E così siamo davvero all’epilogo. Napster, che fino a non molto tempo fa poteva contare su una schiera di circa 60 milioni di ammiratori intenti a scaricare files musicali gratuiti dai suoi servers centrali, e che era stato costretto a cessare le proprie attività nel luglio 2001, dopo che le major, e cioè i colossi della discografia internazionale, avevano ottenuto dalla Corte federale una sentenza che riconosceva la violazione dei diritti d’autore, non potrà sopravvivere.

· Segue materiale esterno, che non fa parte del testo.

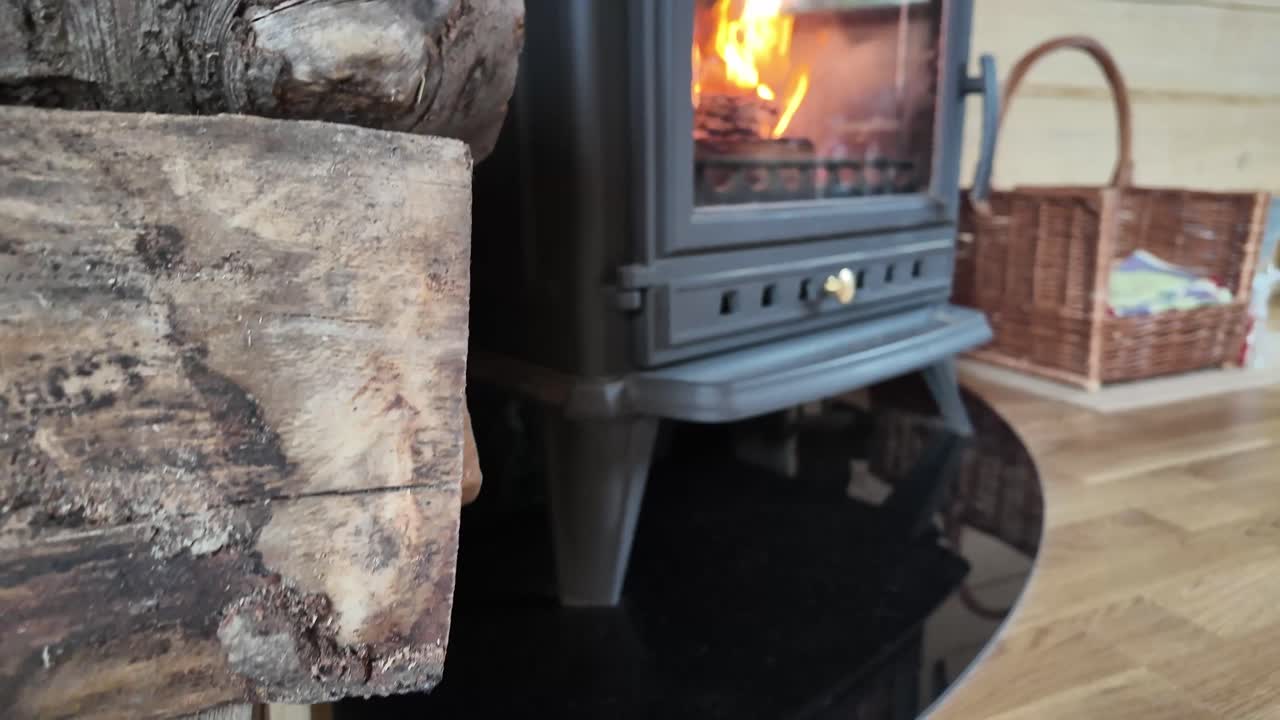 A cozy a fire burning in the fireplace - 4K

La decisione della corte è stata motivata dal possibile conflitto d’interessi esistente tra l’amministratore delegato di Napster,
Konrad Hilbers, che è appunto un ex manager di Bertelsmann, la nota società tedesca che aveva tentato di acquisire i resti di Napster. Lo stesso Hilbers molto laconicamente ha affermato che la decisione della corte costringerà di fatto Napster a convertire i propri sforzi di riorganizzazione nella liquidazione. “Il risultato dell’opposizione delle case discografiche e dei cantautori sarà che i creditori di Napster non potranno essere pagati”. Napster dunque verrà ammessa alla procedura prevista dal Capitolo 7, in base alla quale l’impresa senza più entrate economiche e nessuna altra azienda intenzionata a rilevarla, verrà gestita da un curatore fallimentare designato dalla corte per liquidare gli asset della compagnia e soddisfare i suoi creditori. L’ammissione al Capitolo 11, chiesta tre mesi fa, (procedura di riorganizzazione), era rimasta l’unica possibilità di sopravvivenza per Napster.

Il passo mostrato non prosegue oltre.